4.4. Inspection Process Evaluation

As there is a specific plan for each inspection, the evaluation process should be done according to a specific plan so the first step of the last phase is to customize evaluation metrics[13]. The second step is to finalize the evaluation formulas according to pre-defined criteria. Respectively, next step is to put data in the related formula and analysing them. The results of these evaluations can be useful in future inspection plan designing and improving the methods used in evaluation. It adds the learning property to the system that is the special attribute of an intelligent model.

5. Model Implementation

To have a real evaluation of model performance, software quality control project of an auto spare part company is selected. Therefore, some system development documents and artifact related to different processes like Purchase, Sales, Production, and Maintenance were inspected.
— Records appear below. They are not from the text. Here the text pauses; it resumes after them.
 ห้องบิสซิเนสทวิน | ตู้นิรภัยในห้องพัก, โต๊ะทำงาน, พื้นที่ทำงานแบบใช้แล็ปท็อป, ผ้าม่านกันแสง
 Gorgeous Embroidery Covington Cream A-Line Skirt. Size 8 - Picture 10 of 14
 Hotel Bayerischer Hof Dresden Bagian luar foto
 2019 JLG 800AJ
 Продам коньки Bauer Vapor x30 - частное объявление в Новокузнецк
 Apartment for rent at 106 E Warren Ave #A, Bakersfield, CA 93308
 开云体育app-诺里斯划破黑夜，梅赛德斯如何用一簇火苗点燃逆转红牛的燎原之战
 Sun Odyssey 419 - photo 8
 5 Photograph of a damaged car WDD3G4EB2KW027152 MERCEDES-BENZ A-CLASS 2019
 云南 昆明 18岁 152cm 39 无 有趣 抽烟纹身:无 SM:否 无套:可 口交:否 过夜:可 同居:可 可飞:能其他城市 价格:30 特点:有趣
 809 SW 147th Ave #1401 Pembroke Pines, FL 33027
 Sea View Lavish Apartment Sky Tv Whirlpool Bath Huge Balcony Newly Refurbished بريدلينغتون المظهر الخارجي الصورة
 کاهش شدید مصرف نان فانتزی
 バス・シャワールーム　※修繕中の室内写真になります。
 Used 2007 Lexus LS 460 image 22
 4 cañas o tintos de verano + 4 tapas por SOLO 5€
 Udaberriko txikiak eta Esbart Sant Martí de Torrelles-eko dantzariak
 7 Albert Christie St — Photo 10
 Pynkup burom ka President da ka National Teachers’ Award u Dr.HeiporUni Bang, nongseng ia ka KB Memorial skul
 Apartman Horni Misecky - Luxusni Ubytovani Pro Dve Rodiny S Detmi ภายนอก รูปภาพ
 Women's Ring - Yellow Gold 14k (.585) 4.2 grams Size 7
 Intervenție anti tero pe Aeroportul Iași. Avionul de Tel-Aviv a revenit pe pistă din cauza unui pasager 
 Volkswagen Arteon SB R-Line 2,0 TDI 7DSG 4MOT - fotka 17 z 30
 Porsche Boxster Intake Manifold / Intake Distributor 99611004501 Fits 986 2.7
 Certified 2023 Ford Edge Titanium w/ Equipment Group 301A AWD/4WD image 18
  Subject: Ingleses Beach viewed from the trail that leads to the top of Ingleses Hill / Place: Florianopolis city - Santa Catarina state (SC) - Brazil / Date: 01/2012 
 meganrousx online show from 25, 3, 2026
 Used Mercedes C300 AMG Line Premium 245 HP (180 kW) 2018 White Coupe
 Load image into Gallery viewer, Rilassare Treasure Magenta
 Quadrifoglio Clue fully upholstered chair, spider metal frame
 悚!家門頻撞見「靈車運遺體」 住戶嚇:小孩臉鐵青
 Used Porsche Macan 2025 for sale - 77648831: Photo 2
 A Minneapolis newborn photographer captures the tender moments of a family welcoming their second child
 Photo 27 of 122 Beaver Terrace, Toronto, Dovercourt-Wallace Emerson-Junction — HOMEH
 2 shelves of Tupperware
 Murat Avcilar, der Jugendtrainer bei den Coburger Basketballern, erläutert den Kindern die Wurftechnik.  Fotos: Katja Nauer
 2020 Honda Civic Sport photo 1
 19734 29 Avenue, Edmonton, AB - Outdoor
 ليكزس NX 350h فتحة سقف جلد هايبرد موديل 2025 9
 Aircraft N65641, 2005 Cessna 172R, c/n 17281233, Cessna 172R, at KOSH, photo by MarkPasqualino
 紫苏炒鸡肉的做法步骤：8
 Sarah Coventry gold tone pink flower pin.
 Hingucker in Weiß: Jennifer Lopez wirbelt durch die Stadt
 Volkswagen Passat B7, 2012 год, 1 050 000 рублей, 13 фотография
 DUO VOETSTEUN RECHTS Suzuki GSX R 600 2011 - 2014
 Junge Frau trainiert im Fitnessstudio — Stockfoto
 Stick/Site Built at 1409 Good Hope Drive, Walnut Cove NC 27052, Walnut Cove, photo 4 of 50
Table 3 shows the inspected processes and efforts for defect detection and defect removal using proposed model in developing each process.
Kaplan stated that defect detection in early phases of system development dramatically reduces the quality costs[14]. Adapting aforementioned research, the minimum and maximum cost saving rate as the model performance criteria are calculated and presented in table 4.
The minimum saving is related to defect detection in immediate next phase and maximum performance is due to detection the defects in last phase of development or after shipping to customer.
Table 5 shows total saved effort as the model efficiency criteria for defect detection and removal. As it is clear, for some defects the required efforts for defect detection is more than the necessary efforts for detect removal and in some cases this fact is reverse.
Table 3. Defect Detection and Removal Efforts
Table 4. Defect Amplification
Relative Cost of Correcting Defects in Next Phases
Table 5. Total Saved Efforts Defect

6. Involved People in the Model

Users, software developers, independent and internal inspectors are the involved people in inspection process. Using web-based distributed tools and collaboration framework not only leads to inspection process facilitation, but also removes the gap and overlaps of the actions done. Another advantage of using this kind of environments is involving inspection process employers who are in different time zones and geographically in far positions.
Bryksyzenski[15] stated: “Software inspection has decisively improved software quality, development cycle time, overall maintainability.” Finally we should say that the integrated environments supported by relation or networking database are better to present the experiments between the projects, and then do some traditional document based approaches.

7. Conclusions

The proposed model in this research, suggested a defect management approach systematically detect removing through an iterative manner. Registering the events and rules related to defects and their causes in a knowledgebase, makes the model intelligent. Using distributed collaboration tools enables software inspectors to do their duties without any gap and overlap. Customized evaluations of inspection process prepare useful information about performance and effectiveness of inspection process, which causes continuous improvement in the next iterations of a project lifecycle. Implementing the model in a real environment to detect and remove the real defects shows the performance of the model. Developing and maintaining collaboration tools is highly recommended to gain better performance.